Traveling Round The World for Peace [Archives:2000/19/Culture]

May 8 2000

Ismael Al-Ghabiri,
Yemen Times,
On 8 April 2000, Yemeni travelers Ahmed Al-Kasimi and Ali Al-Kadi arrived in New Delhi, capital of India from Pakistan as a part of their journey around the world.
One might ask about the goal behind such a journey, who supports it, why they chose camels as their means of transportetc. To answer all these questions the Yemen Times had the following interview with the Yemeni travelers:

Q: Why did you decide to make such a journey?
A: We chose to make this journey after we have made a serious plan and studied all information based on previous travels. Our first journey was to Sultanate of Oman on foot. The second was around the Arab World in 1994 & 1995 where we rode on camels and, finally, this which is our third journey. I would like to mention here that we are the Yemen track and field champions and have represented Yemen international events more than once. As for the goal of this journey, we wanted to revive travel traditions of our ancestors who had made several journeys and propagated the message of Islam. In our turn, we carry a message of the Yemeni people in an attempt to make the world recognize its civilization and history.

Q: Who is financing this journey? And is it enough?
A: This journey is personal and it is more of a hobby that we have been practicing for a long time. However, after planning, printing brochures and flags and buying the camels, the Yemeni government, represented by the Ministry of Youth and Sports, supported us. We have also received some help from President Ali Abdullah Saleh and his son Ahmed Ali Abdullah Saleh. They supported us because they knew that the journey has humanitarian and national goals and that it would portray an excellent image of Yemen in other countries. Therefore, if we face some difficulties in our journey, we are confident that they would be there to help us because we represent all Yemenis and Arabs.
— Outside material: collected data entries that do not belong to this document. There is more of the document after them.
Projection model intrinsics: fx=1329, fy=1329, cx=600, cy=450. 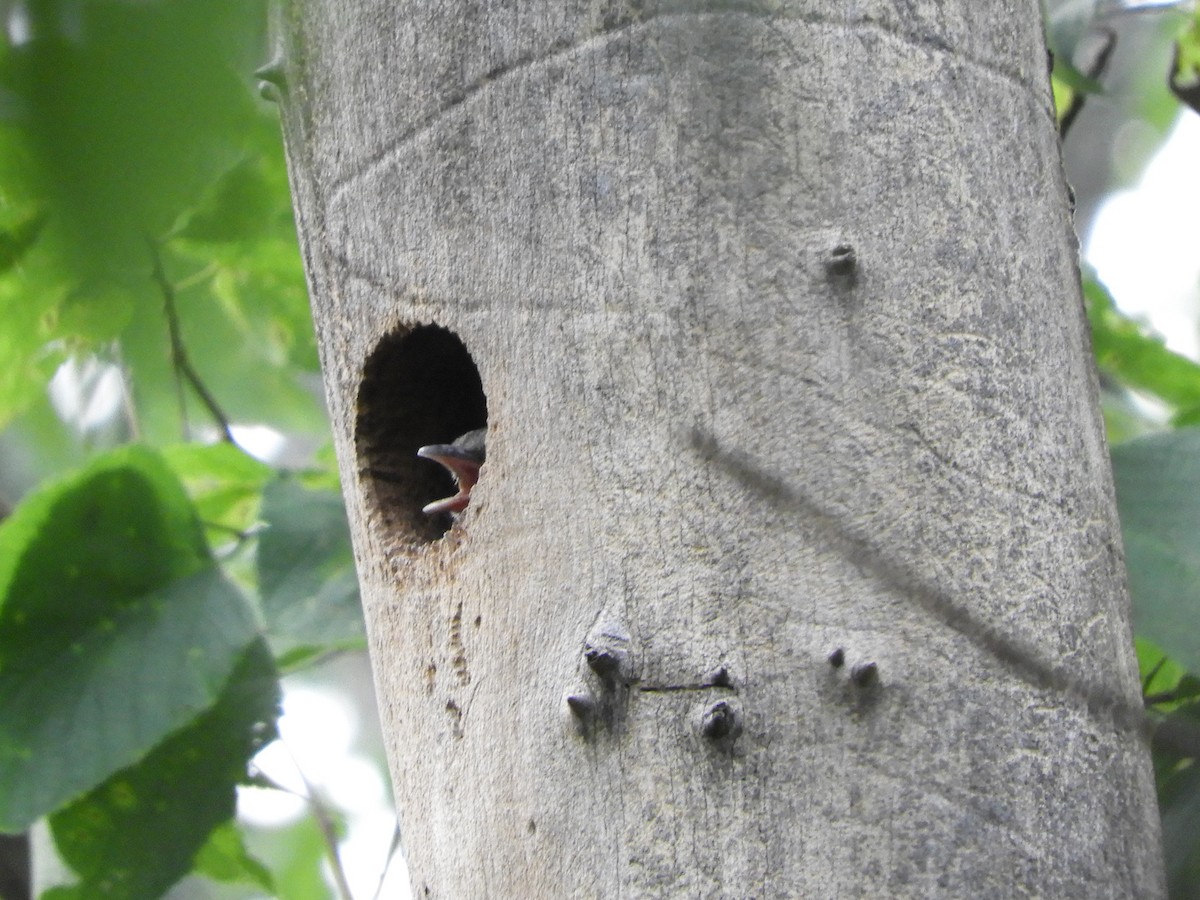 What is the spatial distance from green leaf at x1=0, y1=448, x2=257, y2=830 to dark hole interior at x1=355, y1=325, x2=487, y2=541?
0.54 meters

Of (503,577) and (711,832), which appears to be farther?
(503,577)

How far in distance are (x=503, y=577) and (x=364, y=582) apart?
1.22ft

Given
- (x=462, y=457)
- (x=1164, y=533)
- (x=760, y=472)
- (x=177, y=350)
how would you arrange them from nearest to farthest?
1. (x=760, y=472)
2. (x=177, y=350)
3. (x=1164, y=533)
4. (x=462, y=457)

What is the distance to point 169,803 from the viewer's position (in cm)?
247

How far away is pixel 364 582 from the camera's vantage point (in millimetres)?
1830

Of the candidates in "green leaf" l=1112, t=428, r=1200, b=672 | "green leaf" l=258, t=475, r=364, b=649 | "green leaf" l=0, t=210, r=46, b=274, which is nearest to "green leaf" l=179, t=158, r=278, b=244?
"green leaf" l=258, t=475, r=364, b=649

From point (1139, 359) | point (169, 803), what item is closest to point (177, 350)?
point (169, 803)

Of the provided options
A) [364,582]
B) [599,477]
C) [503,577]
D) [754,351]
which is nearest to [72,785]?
[364,582]

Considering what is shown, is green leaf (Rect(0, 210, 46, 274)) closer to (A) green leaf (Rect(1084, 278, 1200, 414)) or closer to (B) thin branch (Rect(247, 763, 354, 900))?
(B) thin branch (Rect(247, 763, 354, 900))

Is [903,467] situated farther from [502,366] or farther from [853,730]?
[502,366]

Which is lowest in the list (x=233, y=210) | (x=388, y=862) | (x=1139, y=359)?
(x=388, y=862)

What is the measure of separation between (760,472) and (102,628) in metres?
1.58

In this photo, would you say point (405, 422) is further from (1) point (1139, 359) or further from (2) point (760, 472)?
(1) point (1139, 359)

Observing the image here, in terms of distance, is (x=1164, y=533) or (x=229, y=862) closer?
(x=1164, y=533) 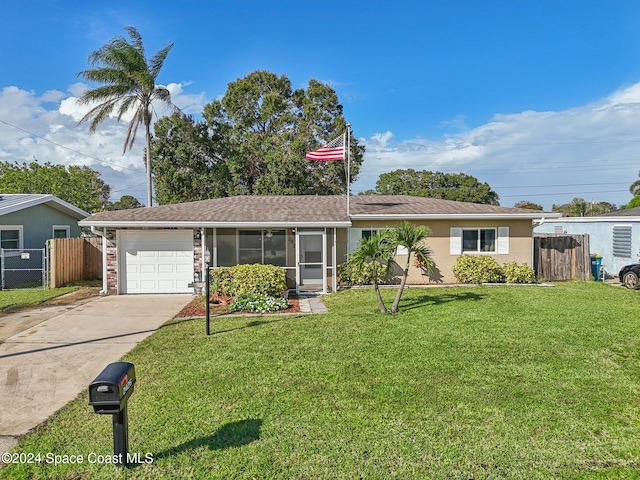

Q: What places have you visited until now and where are you heading for next?
A: Our journey starts from Saudi Arabia and will include Kuwait, Pakistan, India, Bangladesh, Burma, Thailand, Cambodia, Malaysia, Indonesia, Singapore before it ends in Sydney, Australia, where the 2000 Olympics will be held. We plan to arrive there on camels to attract people’s attention who would see the spectacular end of this journey through every channel that covers this international sports event.
As far as the difficulties we faced, they were many. For example, Iran refused to grant us permission to enter with the camels more than once, so we had to change the route of our journey to Pakistan. In addition, we experienced hard times in finding ships to carry our camels during our sea voyage and were asked to pay large sums of money, causing a lot of frustration. However, we were able to bear all these hurdles and pains. Moreover, there have been many attempts to rob us of our possessions. We had also a traffic accident in India. Fortunately, we had few bruises and we were treated in the hospital. Anyway, we continued our journey and our embassy in India encouraged us greatly. We have given several interviews to some newspapers and TV channels such as MBC.
Concerning our protection, we ask God for protection. We carry a first-aid kit with us besides some torches, daggers, axes and our camels. We consider our camels the best weapon that we have because all wild animals fear it.
We have chosen camels because our ancestors used them and they symbolize our heritage. Furthermore, we wear traditional clothes during press interviews such as “Al-Maktab”, “Al-Wishah”, “Al-Lohafah” and “Al-Aseeb”.
In addition to all that, we carry ordinary and video cameras which we use to shoot interesting scenes in villages, cities, deserts or forests that we pass through. We have also been taking notes of what we saw during our journey and we are thinking of publishing a small book talking about our experience. Finally, we hope, if God wills, that our journey would break the world record for journeys in the contemporary history.